◆ **Aim of the task**
Look through the entries below for the line with "Men's Elastic Waist" and the line with "2018 Volkswagen Jetta", then give again exactly those two lines and all lines between them, minus the pictures.
◆ ◆ ◆
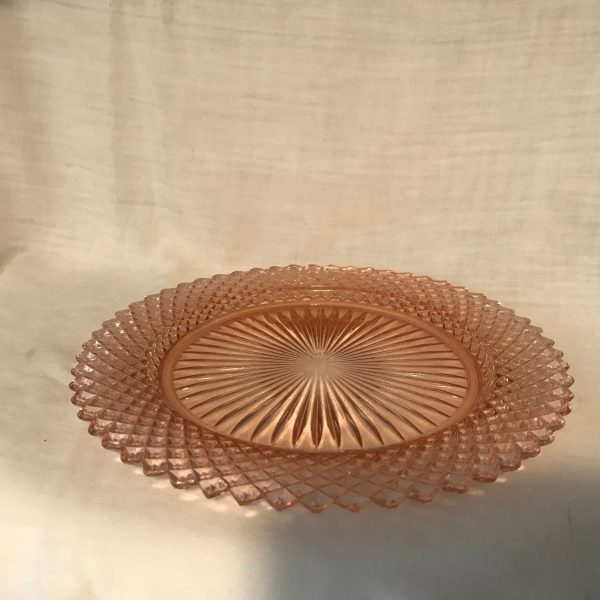 Vintage Miss America Salad plate Pink Depression glass farmhouse collectible display cottage shabby chic 1933-36
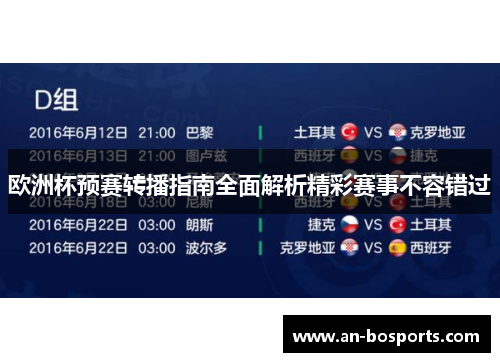 欧洲杯预赛转播指南全面解析精彩赛事不容错过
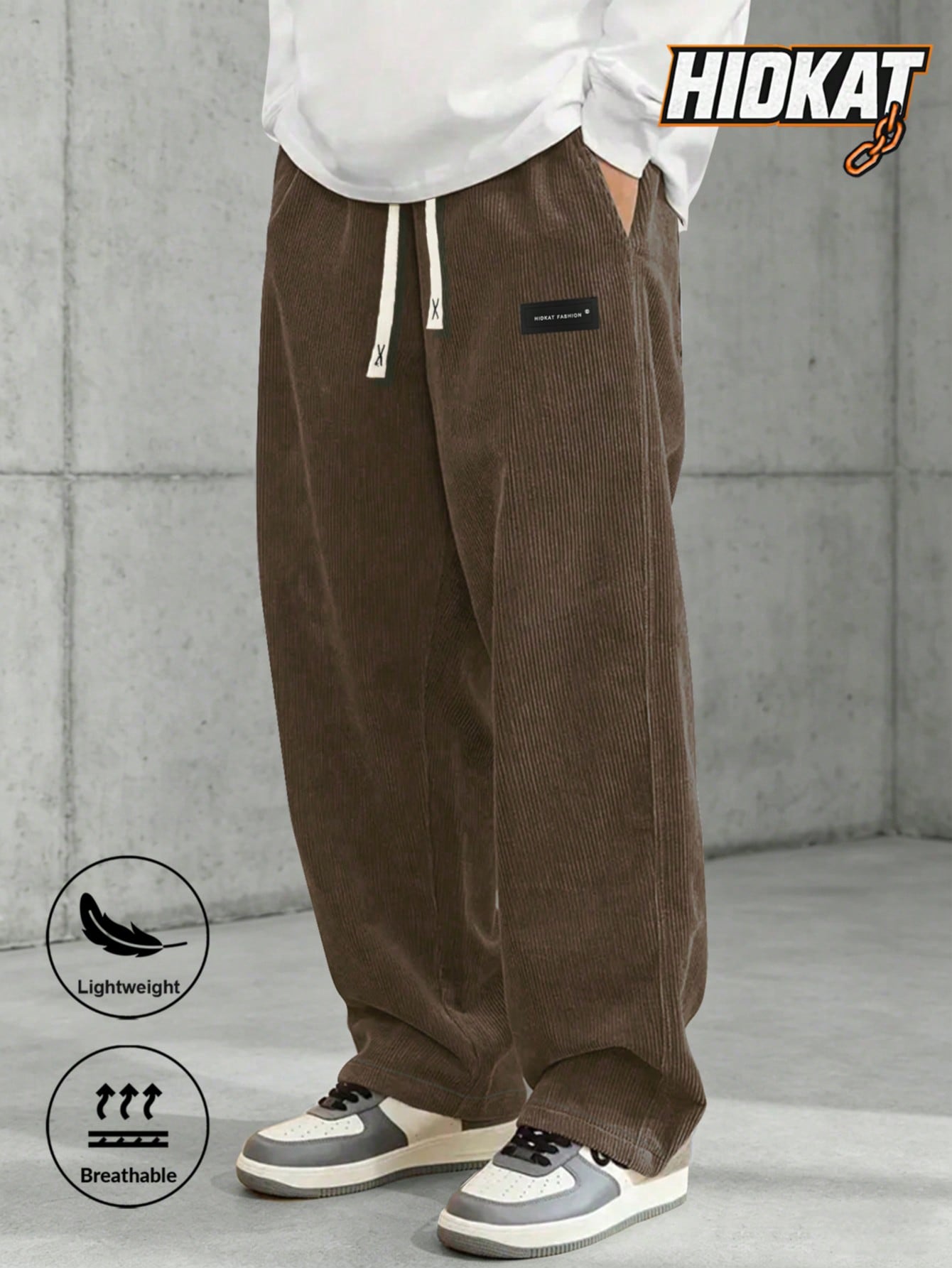 Men's Elastic Waist Corduroy Pants, Drawstring Retro Straight Leg Casual Sweatpants, Spring/Autumn Sports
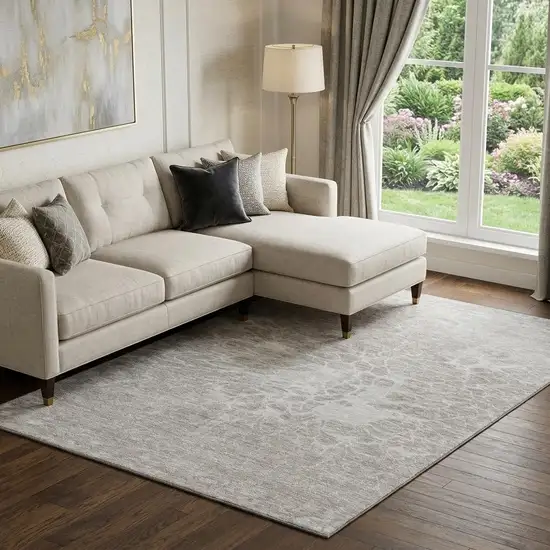 Taupe And Ivory Abstract Washable Area Rug With UV Protection Photo 1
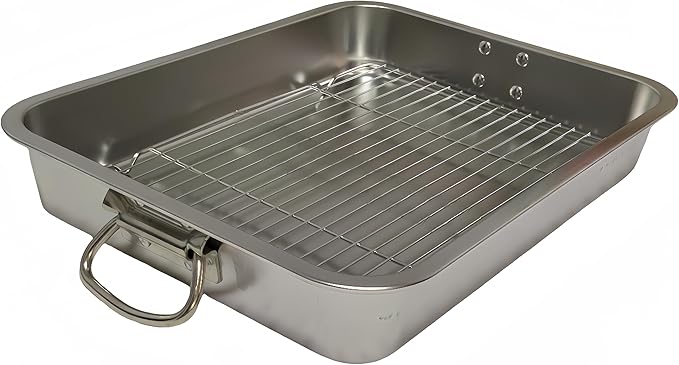 Generic Roasting Pan Stainless steel Roasting pan Turkey Roasting pan with grill Rectangular grill suitable for Turkey, roast chicken and ham (15.5x11.6x2.8in), Silver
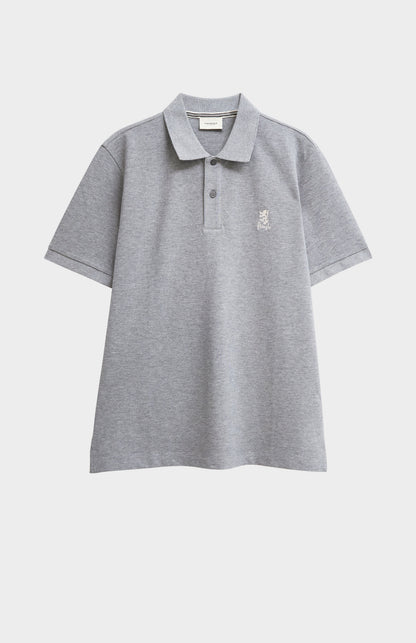 Gray polo shirt with a small logo on a white background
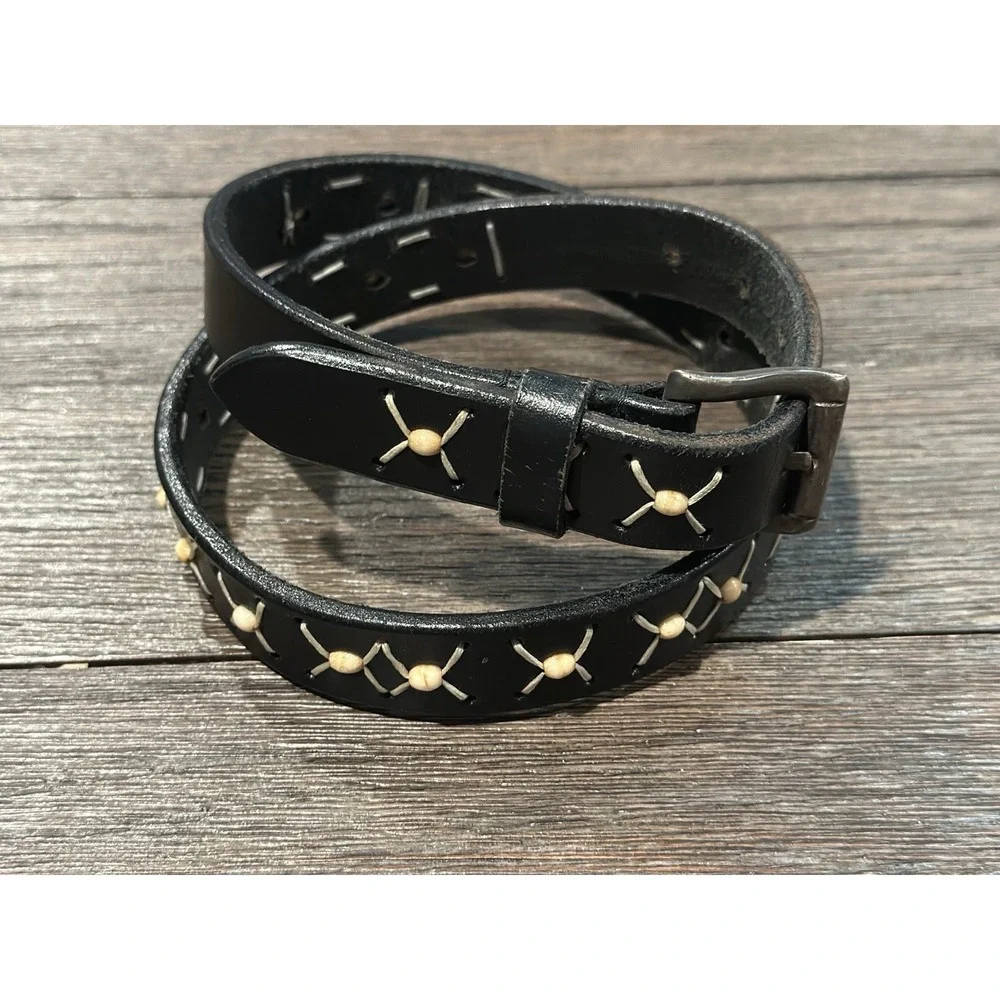 Old Navy Black Stitched Beaded Leather Belt sz 32 GUC boho‎ Western Cowgirl
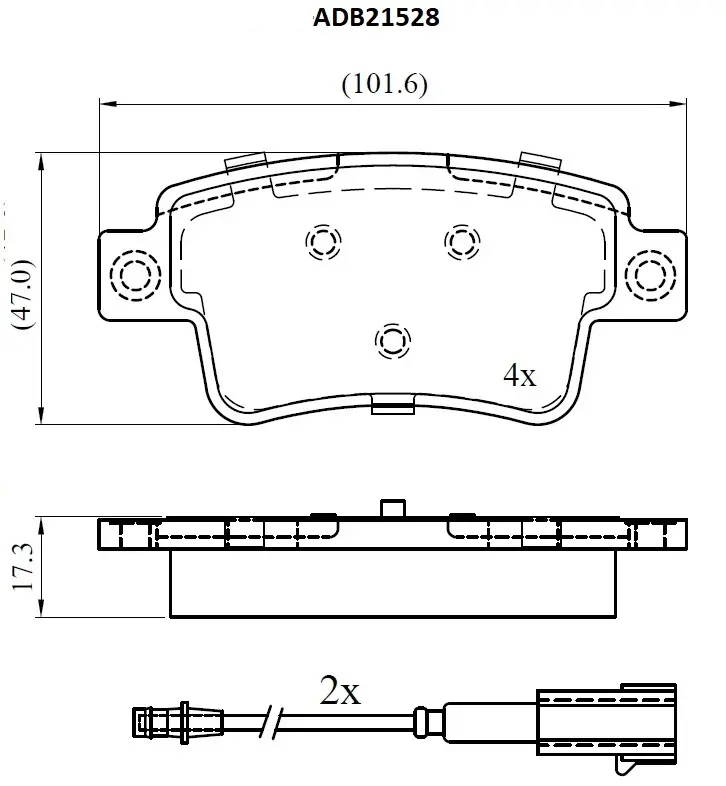 Тормозные колодки дисковые, комплект ALLIED NIPPON 1441279539 PW G1B ADB21528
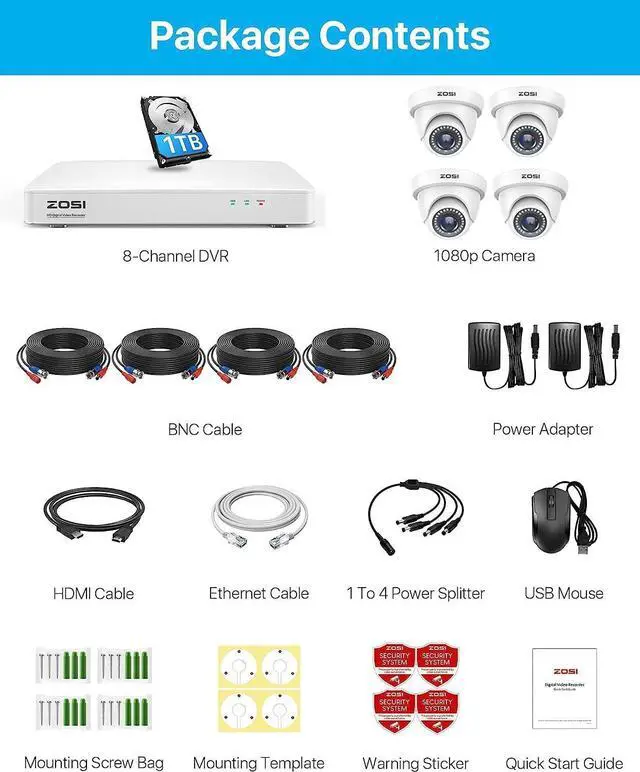 Alt view image 2 of 7 - Gadpiparty ZOSI 1080P 8 Channel Security Camera System with 1TB HDD,H.265+ 3K Lite 8CH Security DVR Recorder with 4pcs HD 1920TVL 1080P Outdoor Weatherproof CCTV Cameras,Motion Alert,Remote Access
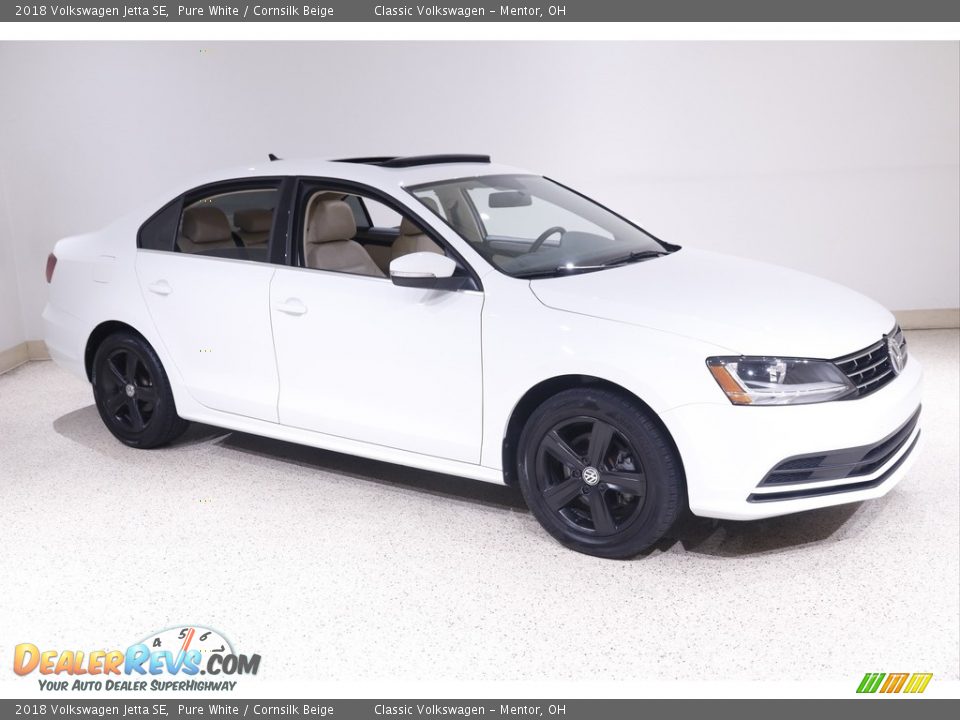 2018 Volkswagen Jetta SE Pure White / Cornsilk Beige Photo #1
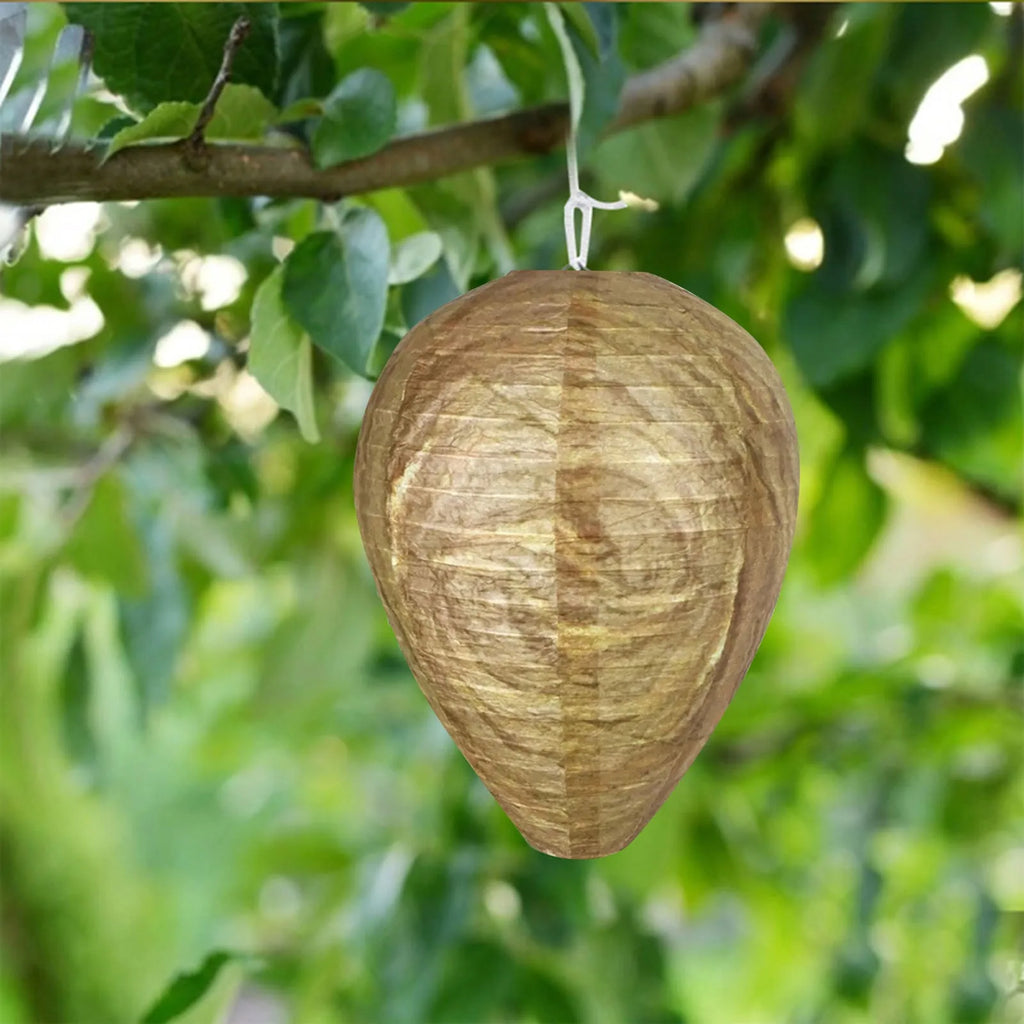 Hanging Wasp Nest Decoy – Waterproof Fake Beehive Deterrent 4pk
◆ ◆ ◆
◆ **Your solution**
 Men's Elastic Waist Corduroy Pants, Drawstring Retro Straight Leg Casual Sweatpants, Spring/Autumn Sports
 Taupe And Ivory Abstract Washable Area Rug With UV Protection Photo 1
 Generic Roasting Pan Stainless steel Roasting pan Turkey Roasting pan with grill Rectangular grill suitable for Turkey, roast chicken and ham (15.5x11.6x2.8in), Silver
 Gray polo shirt with a small logo on a white background
 Old Navy Black Stitched Beaded Leather Belt sz 32 GUC boho‎ Western Cowgirl
 Тормозные колодки дисковые, комплект ALLIED NIPPON 1441279539 PW G1B ADB21528
 Alt view image 2 of 7 - Gadpiparty ZOSI 1080P 8 Channel Security Camera System with 1TB HDD,H.265+ 3K Lite 8CH Security DVR Recorder with 4pcs HD 1920TVL 1080P Outdoor Weatherproof CCTV Cameras,Motion Alert,Remote Access
 2018 Volkswagen Jetta SE Pure White / Cornsilk Beige Photo #1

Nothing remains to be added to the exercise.